With particular reference to chapters one, thirty-nine and fifty-six, explore the importance of Magwitch in the story of ‘Great Expectations’. Charles Dickens was born on the seventh of February in 1812. When he was twelve, his farther was put in a Debtors prison while he lived in London. He was not very rich as he occupied mainly manual jobs at the start of his career. Gradually he moved up to a court reporter and then finally a novelist. This was to be known as the time when Dickens started producing his most well known books.
Great Expectations is a novel showing us how the protagonist; Pip, advances through his life by attempting to upgrade his social status. Dickens comments on the ways in which he viewed life and the different things that surrounded it as he grew up. The book is written as if the author is a social commentator and he criticises the various points of his life as Pip. Dickens was a critic of poverty and Victorian standards and he uses the growth of his characters in relation to others to demonstrate his views on social reform. His first person narrative style allows him to emphasise the negative aspects of Pip. Great Expectations is also one of Dickens’s most autobiographical novels as he looks back on his life. He displays it as a book of self-education with touches of mystery and romance, also known as a “Bildungsroman”.
I believe that Charles Dickens uses a certain character to highlight Pip’s changes into becoming gentlemen. He uses Magwitch as a representative of the criminal class. Pip’s fate is controlled by Magwitch to a certain extent, which is why he is such a significant character. Dickens comments on Victorian attitudes towards crime through Magwitch’s acts. This illuminates what Pip wants to achieve in life and what he requires to proceed to accomplish them. Although Magwitch is a criminal, there are definite similarities between him and Pip. They are both at the same level of development at the introduction of Great Expectations.

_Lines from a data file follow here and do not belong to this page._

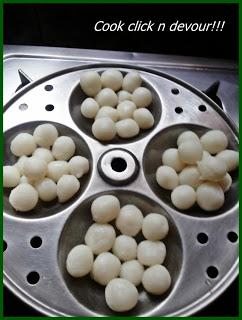 Mani kozhukattai-Ammini kozhukattai (Kozhukattai sundal)(Steamed mini rice balls)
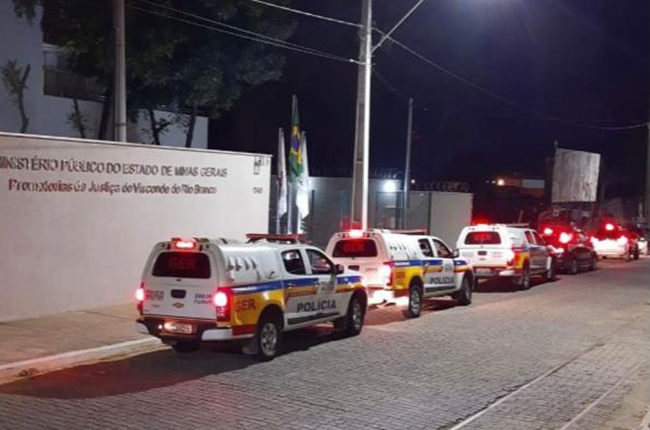 Gaeco identifica executor de servidor em Ubá; Bombeiros combatem incêndio em Tiradentes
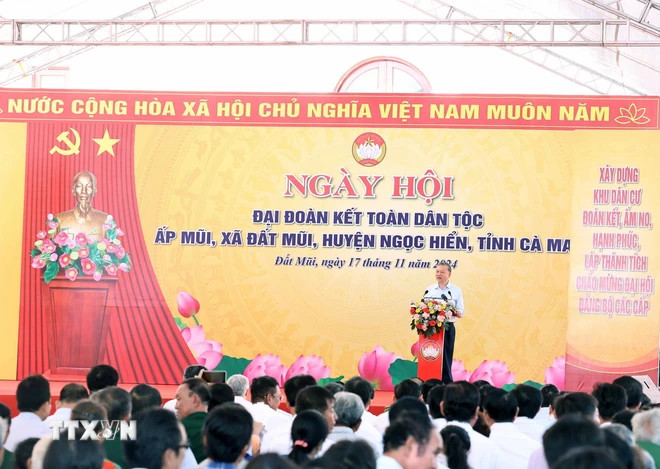 Ngày 17/11/2024, Tổng Bí thư Tô Lâm dự Ngày hội Đại đoàn kết toàn dân tộc tại ấp Mũi, xã Đất Mũi, huyện Ngọc Hiển, Cà Mau. Ảnh: Thống Nhất/TTXVN.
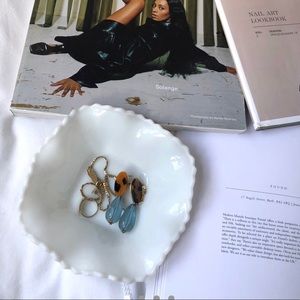 VINTAGE PORCELAIN BOWL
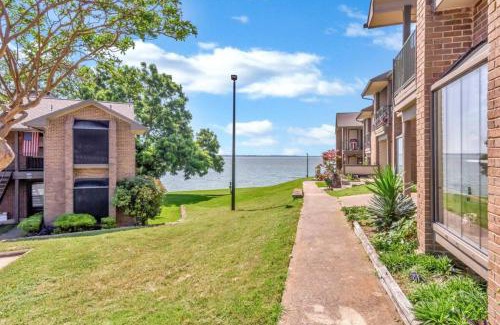 Garland House | Modern Designed, Lakefront Home in Garland
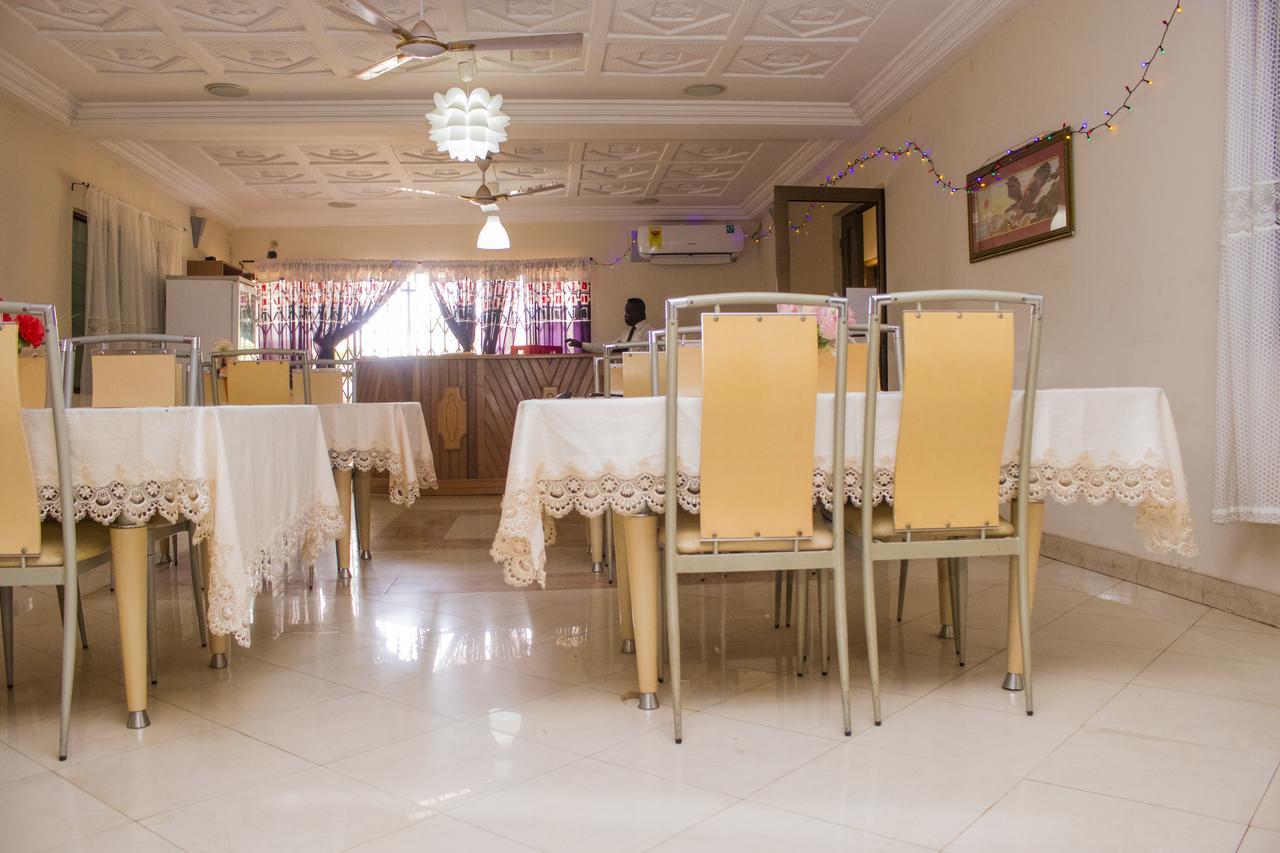 Lovista Hotel North Legon Экстерьер фото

This lets Dickens relate Pip to Magwitch’s situation and help Pip develop through their similarities. Magwitch can then provide a way for Pip to become a higher status which is why he can be seen as a “Catalyst”. However, he can therefore bring Pip back down by being sentimental with his financial power over Pip. This will lead to different choices for Magwitch resulting in his importance being emphasised again. At the same time, Pip is immature and innocent which makes his interpretations alter his status increased and great social changes were structuring the nation. Pip is always afraid of the consequences and not in seeing that he has done something wrong. This leads him to become more selfish and he has not learnt to appreciate human affection and love above his ideal perception of the world.
Dickens starts off Great Expectations by setting it in a churchyard. This immediately introduces a threatening atmosphere, which is also triggered by nature as well. It is a misty and wild scene both in setting, and in mood. “Savage lair” and ” overgrown,” suggests that the surroundings are almost alive. It also gives the reader the sense that there is something is watching Pip and lurking around him as he visits the graveyard. The hazy air and the “wind rushing in” adds suspense as it feels as if someone is closing in on him and almost touching him. This builds up the tension as another major character is introduced into Great Expectations.
Magwitch is presented as a “fearful man” and Dickens uses him to represent the lowest class as he is a criminal. However, his appearance betrays his character as will be revealed in chapter thirty-nine. Dickens is trying to create a contrast between the two sides of the convict. He establishes that Magwitch may not be what he seems to be from the outside. The boy makes such a deep impression on the criminal that he decides to aid him financially as Pip’s benefactor. The writer starts the plot off dynamically through rapidly introducing the scene and the protagonist and even presenting the conflict of the novel as Magwitch.
It gives us an idea about Pip’s past; he is an orphan and has five dead brothers. Dickens makes this especially effective by using a first person narrative view, which helps the reader believe that they are actually involved in a disclosing and intimate conversation that is taking place between Pip and the convict. The sense of tension is established almost immediately whilst the reader sympathises with Pip. The audience discovers that Pip leads a difficult life although he shows signs of innocence and an immature character. As the adult Pip narrates he says “I drew childish a childish conclusion”. This tells the audience that Pip is young and vulnerable with much to learn.
Because Pip is an orphan, he can be seen as an exposed child. He also shows himself to be alone in the sense he has no history. “I called myself Pip, and came to be called Pip”, this shows us how he has had to invent his own identity because he has no one, which ultimately makes him no one. Although he does live with his sister, he does not share the same name as her, “Mrs Joe Gargery”. This makes Pip seem even more isolated and defenceless.